- The records
☆ ☆ ☆ ☆ ☆

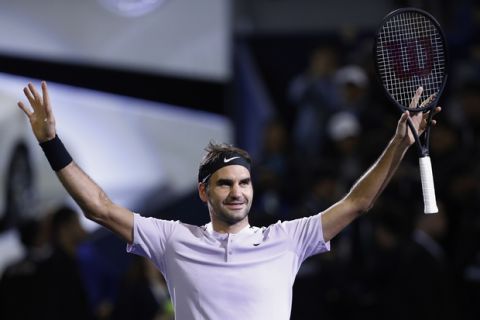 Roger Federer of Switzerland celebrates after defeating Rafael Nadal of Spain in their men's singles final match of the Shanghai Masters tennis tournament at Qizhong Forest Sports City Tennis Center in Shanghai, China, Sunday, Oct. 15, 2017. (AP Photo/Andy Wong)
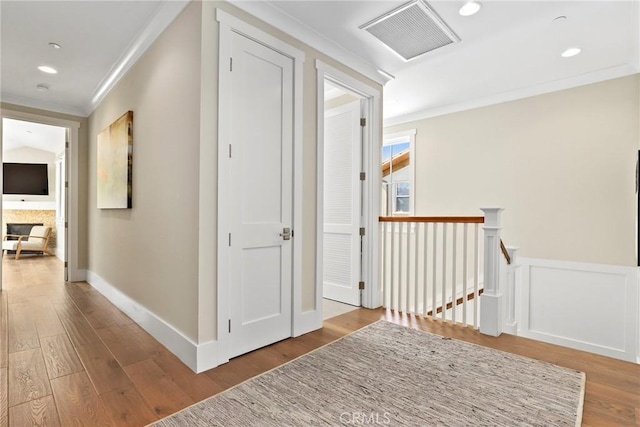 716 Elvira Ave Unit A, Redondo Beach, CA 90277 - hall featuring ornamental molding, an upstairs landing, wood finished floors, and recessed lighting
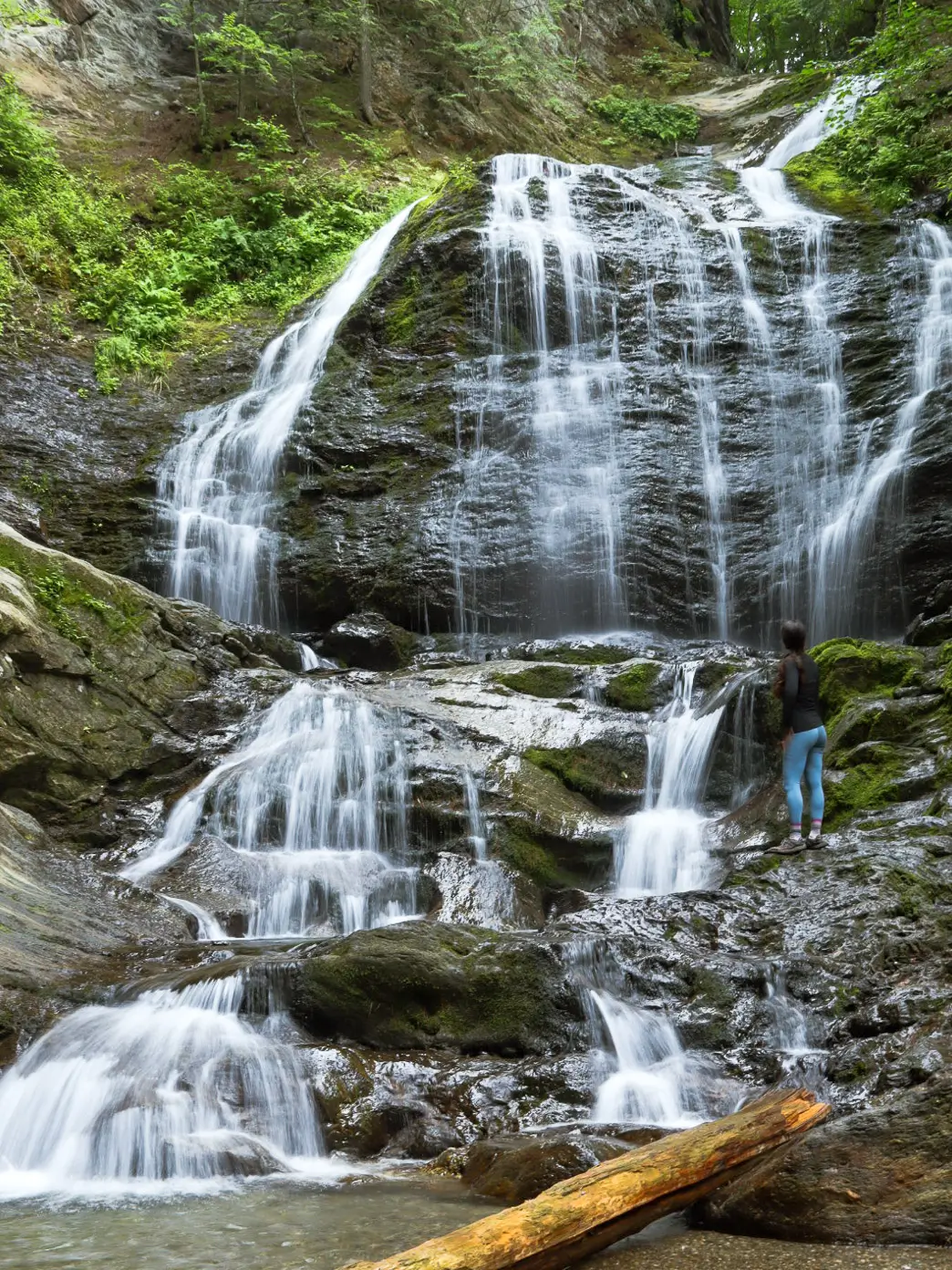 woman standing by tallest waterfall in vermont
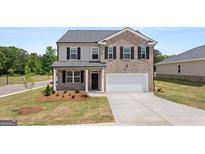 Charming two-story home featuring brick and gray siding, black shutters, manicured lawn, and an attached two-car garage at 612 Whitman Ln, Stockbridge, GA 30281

☆ ☆ ☆ ☆ ☆

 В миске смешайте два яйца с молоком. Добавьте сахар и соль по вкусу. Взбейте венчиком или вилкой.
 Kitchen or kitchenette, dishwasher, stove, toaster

☆ ☆ ☆ ☆ ☆

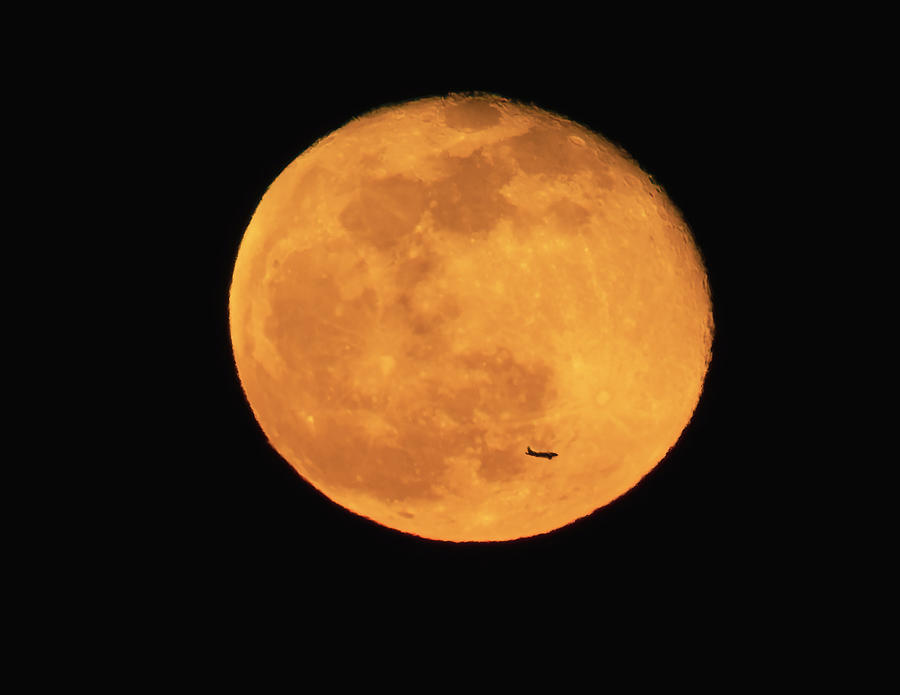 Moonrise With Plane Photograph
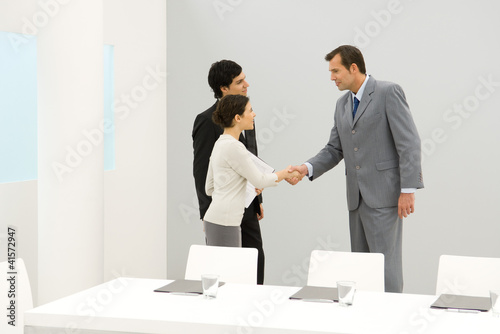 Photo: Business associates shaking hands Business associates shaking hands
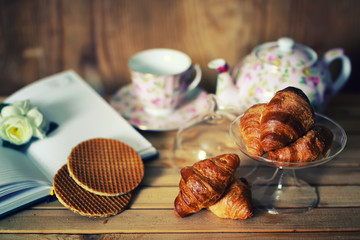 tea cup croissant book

☆ ☆ ☆ ☆ ☆

- Work instructions
Print exactly the lines above that run from the one with "Roger Federer of" to the one with "Charming two-story home", both included. No pictures.

- The completed task
 Roger Federer of Switzerland celebrates after defeating Rafael Nadal of Spain in their men's singles final match of the Shanghai Masters tennis tournament at Qizhong Forest Sports City Tennis Center in Shanghai, China, Sunday, Oct. 15, 2017. (AP Photo/Andy Wong)
 716 Elvira Ave Unit A, Redondo Beach, CA 90277 - hall featuring ornamental molding, an upstairs landing, wood finished floors, and recessed lighting
 woman standing by tallest waterfall in vermont
 Charming two-story home featuring brick and gray siding, black shutters, manicured lawn, and an attached two-car garage at 612 Whitman Ln, Stockbridge, GA 30281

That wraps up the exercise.